Jaqueline Gil na Semana do Clima de Nova York

Jaqueline Gil na Semana do Clima de Nova York

Agir a favor do clima pode parecer complexo ou direcionado a grandes investidores, formuladores de estratégias ou decisores em governos ou nos setores de mineração, agronegócio ou petróleo. Essa impressão, felizmente, está equivocada. Entre nossas decisões cotidianas, cada indivíduo dispõe de inúmeras maneiras de impactar negativa ou positivamente o clima. O fenômeno climático, em retorno, impacta a cada um de nós, na mesma direção, porém com mais força. Ainda que catástrofes naturais tenham se intensificado em proporção, frequência e mortalidade nos últimos anos, e seja economicamente mensurável sua destruição, discussões muito difíceis ainda persistem, sobretudo relacionadas a combustíveis fósseis e justiça climática. Sociedades empoderadas, que discutem abertamente, compreendem e pressionam sistematicamente por mudanças, podem interferir muito mais rapidamente e, exatamente por isso, o evento em Nova York é central. 

Nele, turismo foi tema de apenas dois encontros, e participei em ambos. Em destaque, fortes perspectivas de que matrizes de ESG e de Sustentabilidade não funcionaram no tempo e na intensidade necessárias e, portanto, é hora do próximo salto. Ainda que elas não possam ser descartadas, temas corporativos e sustentabilidade na prática já são considerados temas do “passado”. A nova grande fronteira em viagens e turismo é cuidar dos movimentos regenerativos, em ambientes naturais ou urbanos. A regeneração pode se dar na recuperação de biomas (água, solo, fauna e flora), ou no fortalecimento cultural e na ressignificação de espaços urbanos, por exemplo. 

A maior contribuição do turismo ao clima, como discutido na Semana do Clima de Nova York, além das temáticas já conhecidas como transição da matriz energética, circularidade em negócios ou busca de harmonia entre ser humano e o resto da natureza, está no desenho de iniciativas públicas e privadas que visem à regeneração. Sim, estamos falando de o turismo, com todo seu potencial global, econômico, ambiental e sociocultural,  ser instrumento promotor e financiador da recuperação de biomas, de espaços naturais e urbanos.  

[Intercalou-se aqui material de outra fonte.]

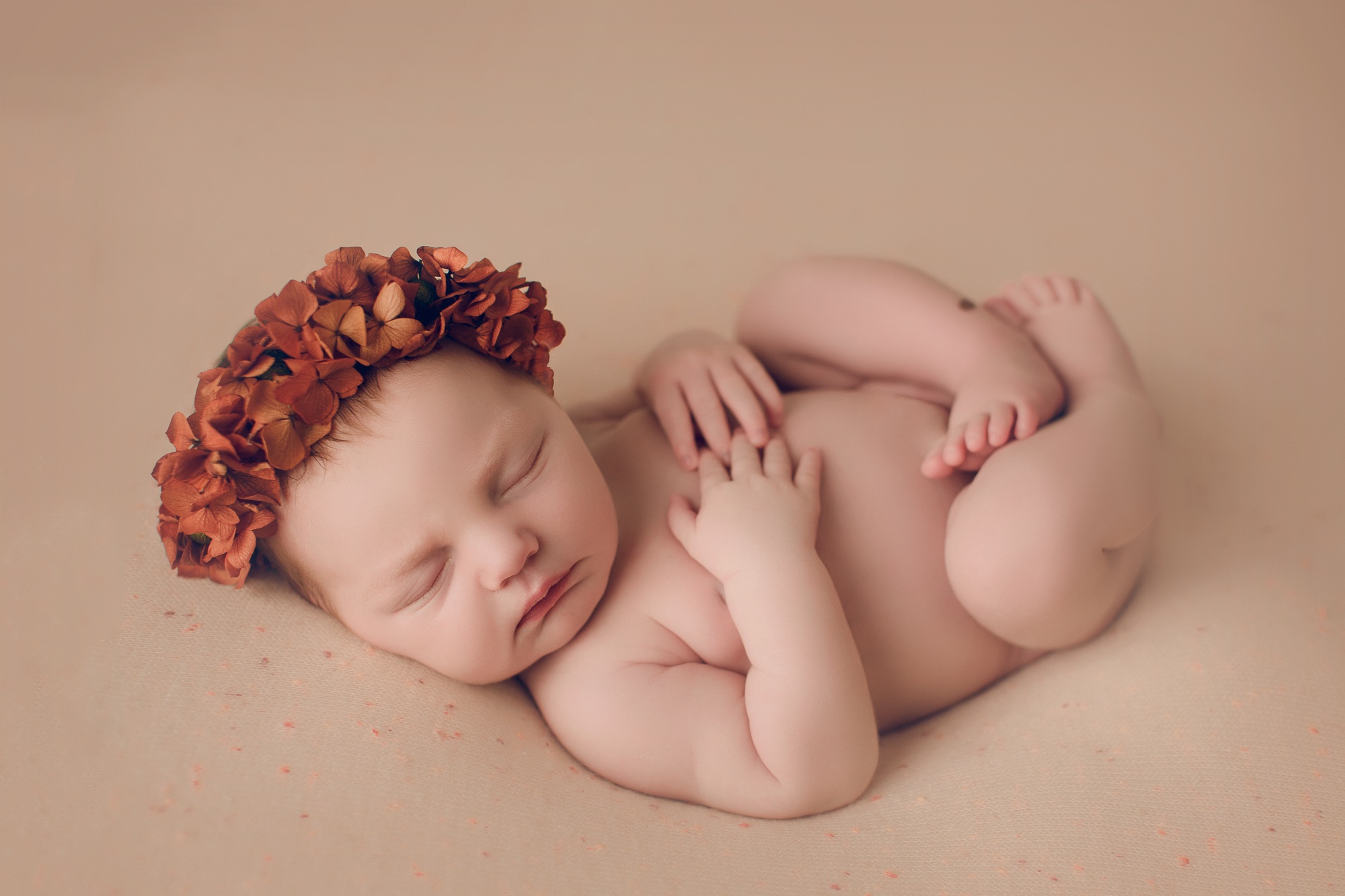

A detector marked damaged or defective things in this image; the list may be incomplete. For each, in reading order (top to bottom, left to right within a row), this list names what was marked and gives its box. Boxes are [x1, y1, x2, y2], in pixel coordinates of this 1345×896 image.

rust floral headband [151, 246, 562, 589]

Destaco dez pontos, conectando-os a ações relacionadas ao turismo. 

1. Usar energias renováveis.

Demandar mais fomento e facilitação governamental para acesso a matriz energética limpa, principalmente aplicada em equipamentos de uso empresarial ou cotidiano. Exemplos como barcos a motor elétrico e a propulsão de água causam menor impacto e funcionam em águas muito rasas ou profundas. Ou energia limpa, que já pode chegar a qualquer ponto da Terra, trazida com tecnologia wi-fi a partir das placas solares em satélites, fornecida pela inovadora Emrod.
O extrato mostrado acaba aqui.